– Не знаю.
Он смотрит на меня, вздернув брови, и я понимаю, что он ждал другого ответа. Нормальная, любящая мать утверждала бы: у нее нежная, или добрая, или невинная дочь. Мой ответ оставляет открытыми иные, более темные возможности.
– И каким она была младенцем? – спрашивает он. – Животик болел? Проблемы с кормлением или сном не возникали?
– Нет, она почти не плакала. Всегда такая довольная, всегда улыбчивая. Всегда хотела обниматься.

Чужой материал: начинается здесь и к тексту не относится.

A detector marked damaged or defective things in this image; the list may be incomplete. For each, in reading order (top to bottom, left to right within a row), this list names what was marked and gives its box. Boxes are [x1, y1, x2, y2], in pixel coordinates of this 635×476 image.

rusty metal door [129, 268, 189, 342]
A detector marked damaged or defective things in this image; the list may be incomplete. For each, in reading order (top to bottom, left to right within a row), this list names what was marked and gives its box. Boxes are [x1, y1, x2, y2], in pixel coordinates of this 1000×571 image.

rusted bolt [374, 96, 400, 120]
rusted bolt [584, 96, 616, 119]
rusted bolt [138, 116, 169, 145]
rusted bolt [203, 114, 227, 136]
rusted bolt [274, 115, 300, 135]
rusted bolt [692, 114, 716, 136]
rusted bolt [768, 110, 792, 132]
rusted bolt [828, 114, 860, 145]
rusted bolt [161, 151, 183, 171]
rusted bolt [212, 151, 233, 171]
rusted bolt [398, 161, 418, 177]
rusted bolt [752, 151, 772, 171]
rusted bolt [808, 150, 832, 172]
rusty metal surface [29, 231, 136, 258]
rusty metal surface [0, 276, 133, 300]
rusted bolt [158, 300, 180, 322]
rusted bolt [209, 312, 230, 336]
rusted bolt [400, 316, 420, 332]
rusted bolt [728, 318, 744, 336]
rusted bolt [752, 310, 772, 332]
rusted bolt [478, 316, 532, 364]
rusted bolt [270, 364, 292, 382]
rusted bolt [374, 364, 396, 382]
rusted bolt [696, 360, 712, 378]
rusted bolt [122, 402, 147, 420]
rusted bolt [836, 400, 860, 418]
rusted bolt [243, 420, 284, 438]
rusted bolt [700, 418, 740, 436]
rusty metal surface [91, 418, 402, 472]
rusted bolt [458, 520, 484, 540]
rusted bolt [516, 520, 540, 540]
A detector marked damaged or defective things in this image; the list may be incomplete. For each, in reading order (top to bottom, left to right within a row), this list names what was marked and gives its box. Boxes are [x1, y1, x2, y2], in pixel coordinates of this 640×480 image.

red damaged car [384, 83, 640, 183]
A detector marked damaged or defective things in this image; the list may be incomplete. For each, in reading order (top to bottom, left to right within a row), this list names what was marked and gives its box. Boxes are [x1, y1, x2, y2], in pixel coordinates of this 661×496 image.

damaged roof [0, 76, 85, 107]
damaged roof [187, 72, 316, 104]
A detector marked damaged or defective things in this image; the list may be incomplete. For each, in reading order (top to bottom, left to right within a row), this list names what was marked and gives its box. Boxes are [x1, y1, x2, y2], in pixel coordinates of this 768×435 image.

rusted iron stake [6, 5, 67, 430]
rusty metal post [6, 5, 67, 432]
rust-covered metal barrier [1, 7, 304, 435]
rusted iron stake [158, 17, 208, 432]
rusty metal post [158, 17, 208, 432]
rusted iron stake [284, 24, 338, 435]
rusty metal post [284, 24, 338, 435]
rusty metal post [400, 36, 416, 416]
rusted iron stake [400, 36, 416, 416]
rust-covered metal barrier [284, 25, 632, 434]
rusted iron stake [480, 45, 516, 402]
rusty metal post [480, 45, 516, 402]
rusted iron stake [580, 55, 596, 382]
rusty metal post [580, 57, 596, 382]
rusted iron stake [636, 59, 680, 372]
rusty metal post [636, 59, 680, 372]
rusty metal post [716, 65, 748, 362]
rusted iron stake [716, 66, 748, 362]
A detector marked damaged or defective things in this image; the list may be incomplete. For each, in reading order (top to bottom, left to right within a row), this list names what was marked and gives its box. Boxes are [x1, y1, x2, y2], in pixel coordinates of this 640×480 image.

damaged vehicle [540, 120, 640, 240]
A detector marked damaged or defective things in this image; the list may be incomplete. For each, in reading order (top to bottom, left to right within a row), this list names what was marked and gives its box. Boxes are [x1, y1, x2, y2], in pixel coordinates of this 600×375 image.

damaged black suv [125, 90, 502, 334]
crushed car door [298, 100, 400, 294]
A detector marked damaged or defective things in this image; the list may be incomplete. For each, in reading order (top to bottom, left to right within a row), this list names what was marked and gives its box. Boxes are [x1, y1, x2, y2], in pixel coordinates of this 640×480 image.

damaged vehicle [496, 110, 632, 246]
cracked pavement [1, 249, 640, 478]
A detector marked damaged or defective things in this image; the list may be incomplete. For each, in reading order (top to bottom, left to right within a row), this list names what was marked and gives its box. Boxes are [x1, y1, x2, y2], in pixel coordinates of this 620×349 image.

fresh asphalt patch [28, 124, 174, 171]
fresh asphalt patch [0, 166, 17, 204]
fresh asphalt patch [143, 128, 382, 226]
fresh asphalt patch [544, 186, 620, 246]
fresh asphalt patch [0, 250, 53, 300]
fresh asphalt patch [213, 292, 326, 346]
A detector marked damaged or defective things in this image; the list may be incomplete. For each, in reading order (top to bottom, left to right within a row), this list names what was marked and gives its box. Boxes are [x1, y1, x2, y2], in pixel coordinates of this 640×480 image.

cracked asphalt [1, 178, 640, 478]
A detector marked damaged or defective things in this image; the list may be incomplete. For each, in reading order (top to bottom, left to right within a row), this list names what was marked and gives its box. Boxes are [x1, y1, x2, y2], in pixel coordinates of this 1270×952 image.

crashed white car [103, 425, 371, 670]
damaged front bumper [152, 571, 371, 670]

Я не подозревала, что материнство – такое легкое дело, никаких трудностей я не испытывала.
– А когда она подросла?
– Никаких ужасов в два года. Она росла идеальным ребенком до того момента, пока… – Я смотрю на простыню, которой укрыта моя раненая нога, и голос мой стихает.
– Как вы думаете, почему она напала на вас, миссис Ансделл?
– Не знаю. День у нас прошел замечательно. Мы вместе пекли печенье. Она сидела за журнальным столиком, пила сок.
– И вы думаете, она достала осколок стекла из мусорного ведра?
– Вероятно, оттуда.
– Вы этого не видели?
– Я играла на скрипке. Смотрела в ноты.
– Ах да, ваш муж сказал: вы профессиональный музыкант. Вы играете в оркестре?
– Я вторая скрипка в квартете. У нас женский ансамбль. – Он всего лишь кивает, и я чувствую, что должна добавить: – Несколько недель назад мы выступали в Риме.
Кажется, мои слова производят на него впечатление. Выступления за рубежом всегда производят впечатление на людей, пока они не узнают, какие гроши мы получаем.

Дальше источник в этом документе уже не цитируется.